Dataframe API v2 p0: Chunk support for dedupe-latest semantics by teh-cmc · Pull Request #7558 · rerun-io/rerun

teh-cmc · 2024-10-01T15:02:53Z

Implements support for the new dedupe-latest ™️ semantics on Chunk. This is one of the fundamental primitives required for the new upcoming dataframe APIs.

This requires the use of the take Arrow kernel.
Unfortunately I made the mistake of testing that new kernel, which revealed that it is allocating a lot of data when it shouldn't, so I'll have to fix it at some point in a future PR.

Part of Expand rust APIs to support new Data API concepts #7495

Checklist

I have read and agree to Contributor Guide and the Code of Conduct
I've included a screenshot or gif (if applicable)
I have tested the web demo (if applicable):
- Using examples from latest main build: rerun.io/viewer
- Using full set of examples from nightly build: rerun.io/viewer
The PR title and labels are set such as to maximize their usefulness for the next release's CHANGELOG
If applicable, add a new check to the release checklist!
If have noted any breaking changes to the log API in CHANGELOG.md and the migration guide

To run all checks from main, comment on the PR with @rerun-bot full-check.

teh-cmc · 2024-10-01T16:33:17Z

Unfortunately I made the mistake of testing that new kernel, which revealed that it is allocating a lot of data when it shouldn't, so I'll have to fix it at some point in a future PR.

That's just me being dumb: I keep forgetting that these things are not expressible given how ListArray is encoded... We need ListView once again.

Unfortunately that does mean that my current, fairly readable approach of index-deduping all relevant chunks and then doing a somewhat straightforward streaming-join, sucks even more than I thought, performance-wise.

That's fine, we can always make it fast in a follow-up PR by adding even more cursor shenanigans instead... but let's integrate it all and cement the semantics first before trying to go there.
(Also, since this is purely a private implementation detail, maybe we could simply have a custom take kernel implementation that returns a DictionaryArray?)

I still want to keep this implementation around as it materializes explicitly the semantics we expect, and can in fact be made pretty fast once we actually have a ListView at our disposal.

jleibs · 2024-10-01T17:11:50Z

We need ListView once again.

Yeah, this definitely seems like an area where that would be nice.

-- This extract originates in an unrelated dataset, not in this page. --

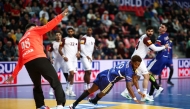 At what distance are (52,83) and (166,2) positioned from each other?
21705mm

At least it looks like the relevant PRs are still moving forward on that one.

we can always make it fast in a follow-up PR by adding even more cursor shenanigans instead... but let's integrate it all and cement the semantics first before trying to go there.

Strongly agree.

At least at this phase no individual value should be copied more than once.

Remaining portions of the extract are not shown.